_YOUR OBJECTIVE:_
Leave out the pictures and output the data verbatim.

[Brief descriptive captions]
· · · · ·

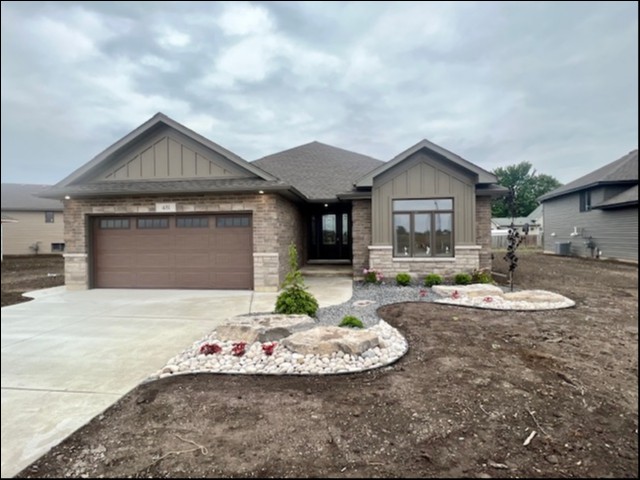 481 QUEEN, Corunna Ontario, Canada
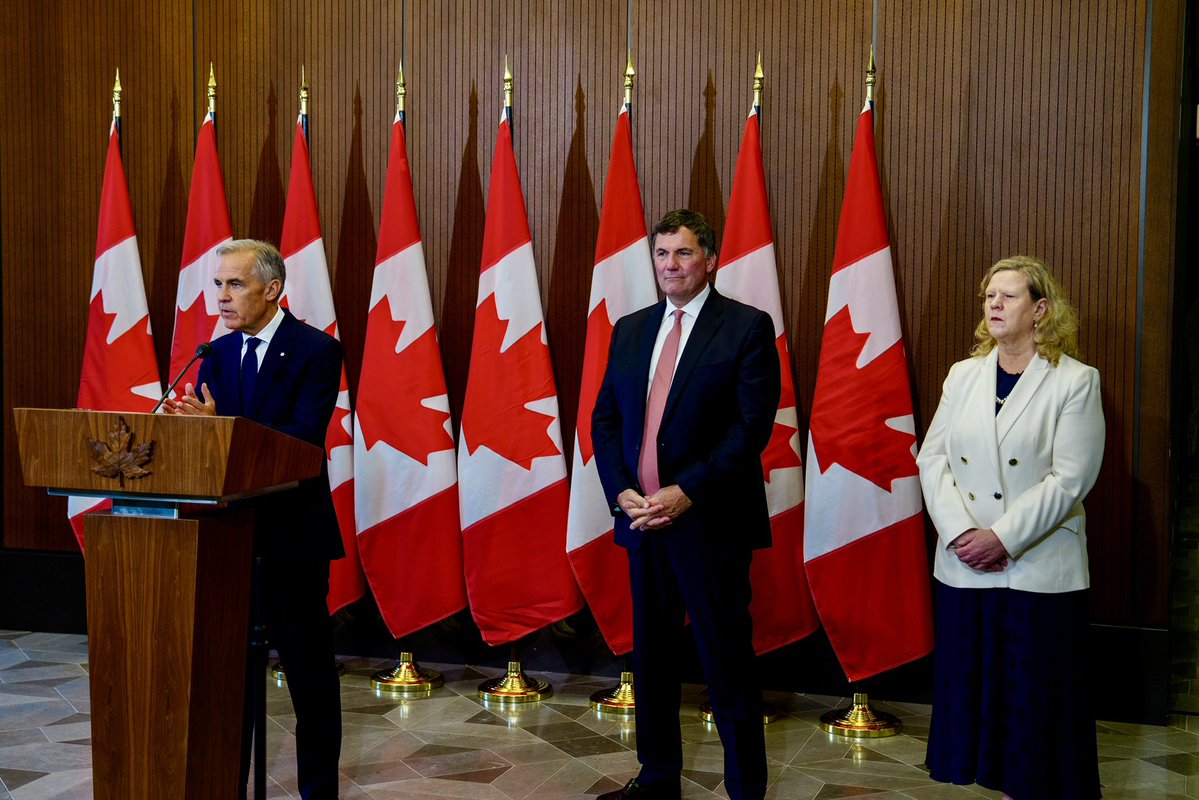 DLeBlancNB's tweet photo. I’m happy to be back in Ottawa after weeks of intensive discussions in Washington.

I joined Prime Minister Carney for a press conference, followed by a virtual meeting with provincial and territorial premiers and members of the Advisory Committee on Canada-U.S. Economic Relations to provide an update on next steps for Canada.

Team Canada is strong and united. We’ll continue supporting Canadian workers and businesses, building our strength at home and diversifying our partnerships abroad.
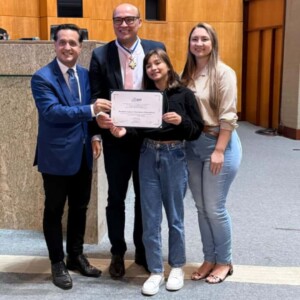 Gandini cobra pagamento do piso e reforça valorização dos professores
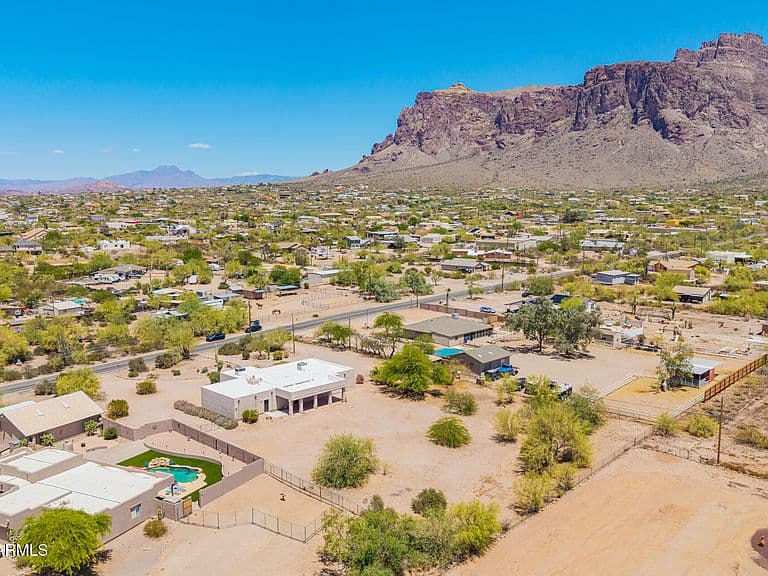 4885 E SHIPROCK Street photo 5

· · · · ·

_FINAL ANSWER:_
 481 QUEEN, Corunna Ontario, Canada
 DLeBlancNB's tweet photo. I’m happy to be back in Ottawa after weeks of intensive discussions in Washington.

I joined Prime Minister Carney for a press conference, followed by a virtual meeting with provincial and territorial premiers and members of the Advisory Committee on Canada-U.S. Economic Relations to provide an update on next steps for Canada.

Team Canada is strong and united. We’ll continue supporting Canadian workers and businesses, building our strength at home and diversifying our partnerships abroad.
 Gandini cobra pagamento do piso e reforça valorização dos professores
 4885 E SHIPROCK Street photo 5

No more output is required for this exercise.